I hardly know where to begin in my response to this, but I suppose the assertion that America needs to start a war on female self-esteem in order to “right itself” is as good a place to start as any. I don’t really think I need to spend much time on this thanks to this article as well as this article. Those are articles discussing the government shutdown and the FEMALE Senators that helped end the shut down. Senator John McCain was quoted as saying “Leadership, I must fully admit, was provided primarily from women in the Senate.” Senator Mark Pryor of Arkansas added “The truth is, women in the Senate is a good thing, we’re all just glad they allowed us to tag along so we could see how it’s done.”

It isn’t a stretch or exaggeration to say that, had it not been for these women (who one might say are probably pretty strong and confident) the government shutdown would not have ended as quickly as it did. So knowing that, why would you advocate for a war on female self-esteem that discourages women like those who helped lead the charge for the end of the shutdown? These women prove beyond the shadow of a doubt that confident women aren’t bad, in fact, they are essential. These articles debunk the myth Forney proposes that “most girls have done nothing to deserve their self esteem” and that “most girls’ so called achievements are complete jokes.” Obviously female senators aren’t in the majority, but given their effectiveness in working together across the aisle to end the shutdown maybe they should be.

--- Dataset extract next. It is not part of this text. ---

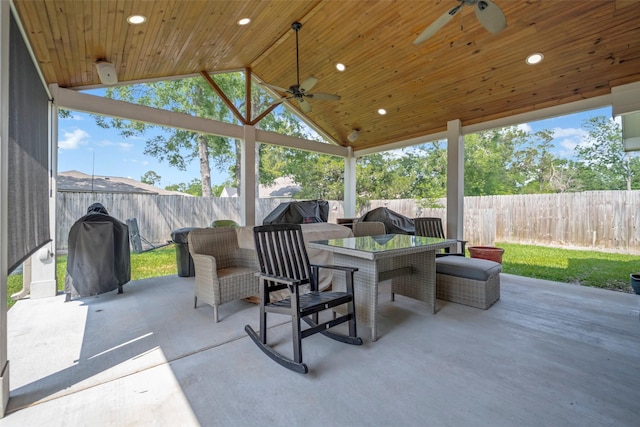 606 Sea Anchor Way, Crosby, TX 77532 - view of patio featuring a ceiling fan and a fenced backyard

I previously mentioned that no rational person would advocate for a war on women’s self-esteem. Unfortunately, the mass media has been doing a number on female self-esteem for years. Do you ever watch television ads? Do you see the scantily clad women in them? Do you ever read magazines? Do you ever notice the photo-shopped women on the cover or in the advertisements? If you aren’t aware of how often women, even women who are objectively gorgeous without photoshop or even make-up, are photoshopped in magazines, advertisements and billboards, you should take a look at this article that highlights some considerable doctoring of women in the media. If you don’t believe that women are bombarded with images of nearly perfect women that they are expected to emulate, check out this study that articulates similar thoughts.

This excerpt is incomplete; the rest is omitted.